Гитлер так верил в эту концепцию, что никак не был готов к иному варианту большой войны. Представленное летом 1939 года штабом оперативного руководства вермахта предложение «проработать при помощи командно-штабных учений» варианты развития ситуации в случае большого конфликта он отклонил с твердым указанием, что войну с Польшей можно локализовать [361], его памятная записка от 9 октября была первой конкретной попыткой определить обстоятельства и цели столкновения с Западом. Он также неоднократно отвергал предложения принципиального перевода экономики на рельсы затяжной войны, общий объем промышленного производства в 1940 году по сравнению с предшествующим годом слегка сократился, а незадолго до зимы 1941/42г. в ожидании предстоящих «молниеносных побед» в войне с Советским Союзом производство военной продукции было даже ограничено [362]. В этом тоже давал себя знать опыт первой мировой войны: Гитлер при любых обстоятельствах хотел избежать изматывающего психику воздействия долголетних жестких ограничений.
Взаимосвязь между первой и второй мировой войной ощущается на различных уровнях не только под углом зрения их интерпретации; Гитлер сам всякий раз настойчиво указывал на это. За его плечами всего лишь время перемирия, а перед ним – «победа, которую мы отбросили в 1918 году», – заметил он как-то; в речи 23 ноября 1939 года он сказал, имея в виду первую мировую войну: «Сегодня разыгрывается второй акт этой драмы» [363]. В свете этой взаимосвязи Гитлер предстает как особо радикальный представитель идеи создания Германии как мировой державы, которая восходит к последнему периоду канцлерства Бисмарка и на рубеже XIX-XX вв. материализуется в конкретных целях войны, а после провалившейся попытки 1914-1918 гг. ее с новой и еще большей решимостью попытались реализовать во второй мировой войне: почти столетняя империалистическая преемственность германской истории обрела в Гитлере свою кульминацию [364].
И на самом деле, такая точка зрения имеет под собой убедительные основания. Уже общая взаимосвязь между Гитлером и предшествующим мировой войне временем, его появление из комплексов, идеологий и защитных реакций того периода придает ей весомость; ибо, несмотря на всю новизну, он был глубоко анахроничным явлением, реликтом XIX века – в своем наивном империализме, комплексе величия, убежденности в неизбежной альтернативе между возвышением до статуса мировой державы или гибелью. В принципе, уже молодой, живший тенденциями своего времени горожанин венского периода повторил характерную основную эволюцию, в ходе которой ведущие консервативные слои эпохи искали спасения от социальных страхов в экспансионистской концепции, он только расширил и радикализировал ее.

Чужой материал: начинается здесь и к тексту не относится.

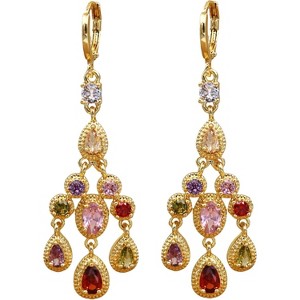 Vuskdtei18K Gold Plated Flower Dangle Earrings for Women, Hypoallergenic Cubic Zirconia Earrings, Elegant Chandelier Drop Earrings - 1 of 4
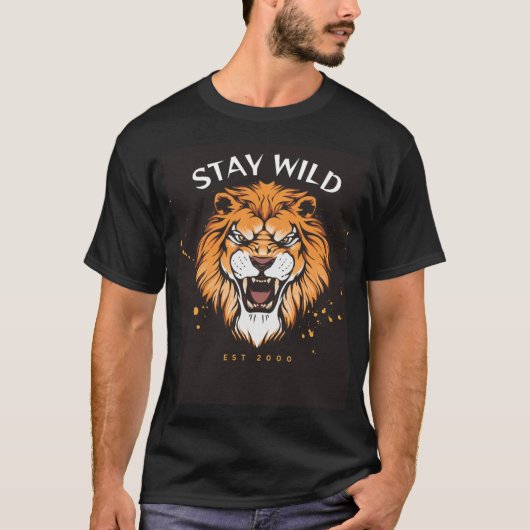 Schwarzes T-Shirt mit Löwendesign und halbem Ärmel (Vorderseite)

Если те зачастую ожидали от войны и завоеваний «оздоровления отношений» в смысле своих общественных и политических привилегий, «укрепления патриархального порядка и умонастроений» [365], то Гитлер мыслил как всегда в гигантски расширенных категориях и рассматривал войну и экспансию, далеко выходя за рамки классовых интересов, как единственный шанс на выживание нации и даже расы; социал-империализм обычного образца своеобразно перемешивался в мышлении Гитлера с биологическими началами.
Однако и в том, и в другом случае видение превращения в мировую державу питал основной мотив находящегося под угрозой и стесненного существования, хотя в первый раз, по меньшей мере, в случае с германским канцлером 1914 года фон Бетман-Хольвегом, проявлялись депрессия, нерешительность и слабость фаталиста, а во второй раз – одержимость и осознанная радикальность. Конечно, оба деятеля несравнимы, идея германской мировой империи была для Бетман-Хольвега «абсурдной, не укладывающейся в голову мыслью», Германия, подавленно говорил он иногда, «в интеллектуальном плане погибнет от своего политического господства, если она победит» [366], конечно, Гитлер даже отдаленно не знал такого порожденного внутренним надрывом скептицизма; тем не менее Бетман-Хольвег был полон тех же пессимистических фантазий и настроений гибели с германским колоритом, что и Гитлер, хотя и в сублимированной буржуазным образованием форме; это показывает всю глубокую укорененность мотива судьбы и катастрофы в немецком сознании; не говоря уж о разгневанных поклонниках видения Германии в роли мировой державы, которые свалили Бетман-Хольвега в 1917 году.